Features correlation of every type -  Explanation, and Code

Features correlation of every type - Explanation, and Code

·

9 min read

Introduction

Correlation among features is one of the most discussed topics in the Machine learning space. While it is very common to find a blog explaining the correlation among Numerical features, it's quite a bit rare to have blogs explaining Correlation among other types of Features.
In this post, we will discuss Correlation among different types of Features and their Python code.

We will learn -

  • What are other types of Correlation (other than Pearson's coefficient)
  • Intuition to understand the underlying correlation strength
  • Python code for individual Correlation method
  • Other methods (not discussed in this post)

A quick view of the Dataset

Let's quickly review the dataset that we will use and its respective Features. It's a Life expectancy dataset for different countries.

Due to its nature, it has all different types of Features i.e. Numerical, Categorical, etc. We have created new Features i.e. population_rank so that we have two ordinal Features too.

# Download the data from kaggle
import os, pandas as pd, numpy as np, seaborn as sns, matplotlib.pyplot as plt
os.environ['KAGGLE_USERNAME'] = "10xAI" 
os.environ['KAGGLE_KEY'] = "<<Use your Kaggle API Key>>" 
import kaggle
!kaggle datasets download kumarajarshi/life-expectancy-who
dataset = pd.read_csv("/content/life-expectancy-who.zip")

# Select 6 columns and 1000 rows 
sample = dataset.iloc[:,0:6].sample(1000).reset_index(drop=True)

# This is just to creae another Oridnal Features, so that we have all the combinations of feature types
population = dataset.loc[dataset.Year==2014,['Country','Population']].fillna(0).sort_values(by=['Population']).reset_index(drop=True)
sample['population_rank'] = sample['Country'].apply(lambda x: population[population.Country==x].index.values)
sample['population_rank'] = sample['population_rank'].apply(lambda x: 0 if not x else x[0])

# Fill any NaN
sample.fillna(value=sample.mean(), inplace=True)
sample.iloc[:5,:]

Capture.png                                            Sample 5 records from the sample DataFrame

Below is mapping for our columns and it's respective type

Year and population_rank as "Ordinal"
Status and Country as "Categorical/Nominal"
Remaining three Features as "Numerical/Continuous"
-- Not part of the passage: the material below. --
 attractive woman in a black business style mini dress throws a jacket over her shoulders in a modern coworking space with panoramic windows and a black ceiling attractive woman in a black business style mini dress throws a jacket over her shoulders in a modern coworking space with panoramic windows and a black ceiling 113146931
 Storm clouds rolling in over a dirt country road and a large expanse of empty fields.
Method used for different feature pairs

Let's follow a "Top-Down" approach. So we are listing the approaches that we will follow to calculate the correlation between any two types of Features.
In the subsequent section, we will learn the details of all of these and also code the same. Blog_CORR.PNG

We have only kept the upper Triangle of the table to avoid redundancy because the lower triangle will be a replica of the upper triangle e.g. Numerical-Categorical is the same as Categorical-Numerical

Developing Intuition and understanding the methods

Let's understand each of the used approaches

1. Crammer's V

This method is based on the Chi-square value of two nominal features.
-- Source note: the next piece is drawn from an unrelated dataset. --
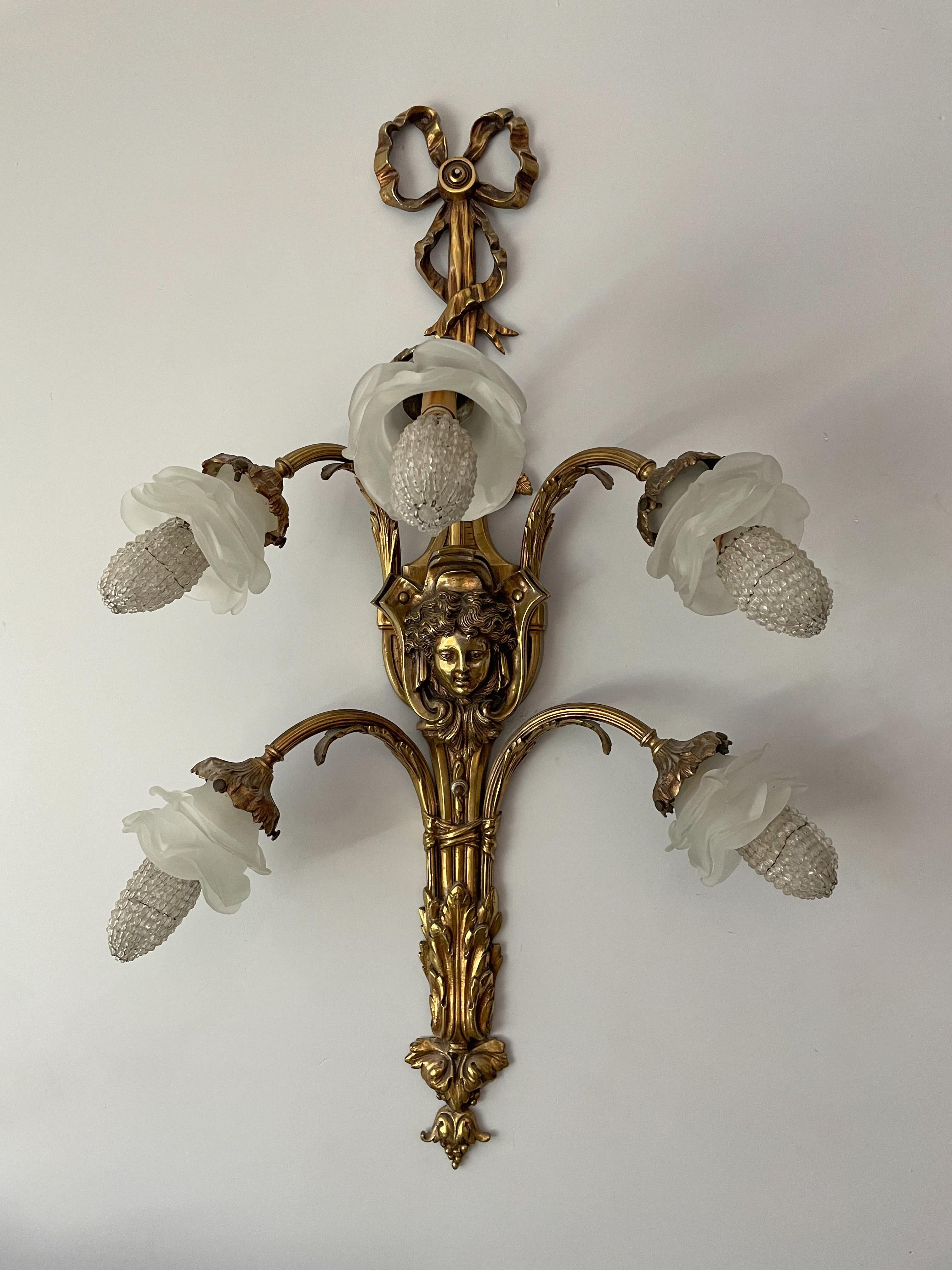 Beautiful, French Louis XV-style bronze ormolu sconce with frosted glass shades.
Chi-square value is calculated using the contingency table and the deviation of every value from the expected value. If the expected value is similar to the observed values then we can safely assume a little or no correlation.
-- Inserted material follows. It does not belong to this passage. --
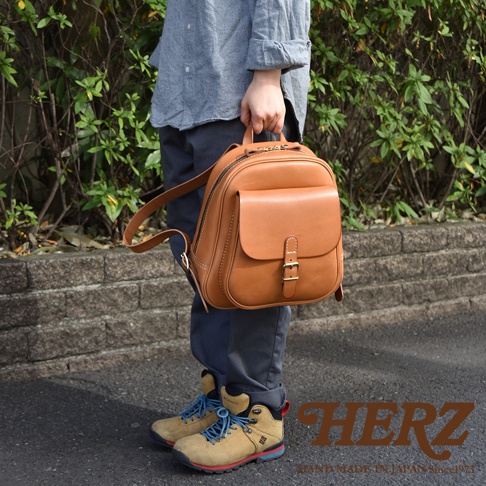 棕色皮革迷你後背包，有立體前袋和皮帶扣，雙肩帶，適合休閒搭配。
Let's understand this by two examples and manual calculation.

ObesityNo ObesityTotal
No Gym50 (50)50 (50)100
Gym50 (50)50 (50)100
Total100100200

We have sample data for 200 cases of individuals and its contingency table for Gym goers and those having Obesity.

A contingency table is simply the cross-tabulated count of different combinations of different Features values. e.g. in the above table, there are 50 data points where Feature#01 has "Gym=Yes" and Features#02 has "Obesity=Yes". This is our observed data

We are trying to answer a simple question " What is the effect of Gym in preventing Obesity"

Let's calculate the expected values using individual totals and grand totals. The expected value is the value for each cell in the contingency table if we assume no relation between the two Features. This can be calculated using a simple formula

Expected value -For "No Gym" - Obesity vs "No Obesity",
There are 100 non-Gym goers. If we assume, no relation between Gym and Obesity, it implies 50% of 100 non-Gym goers will have Obesity and 50% will not have it.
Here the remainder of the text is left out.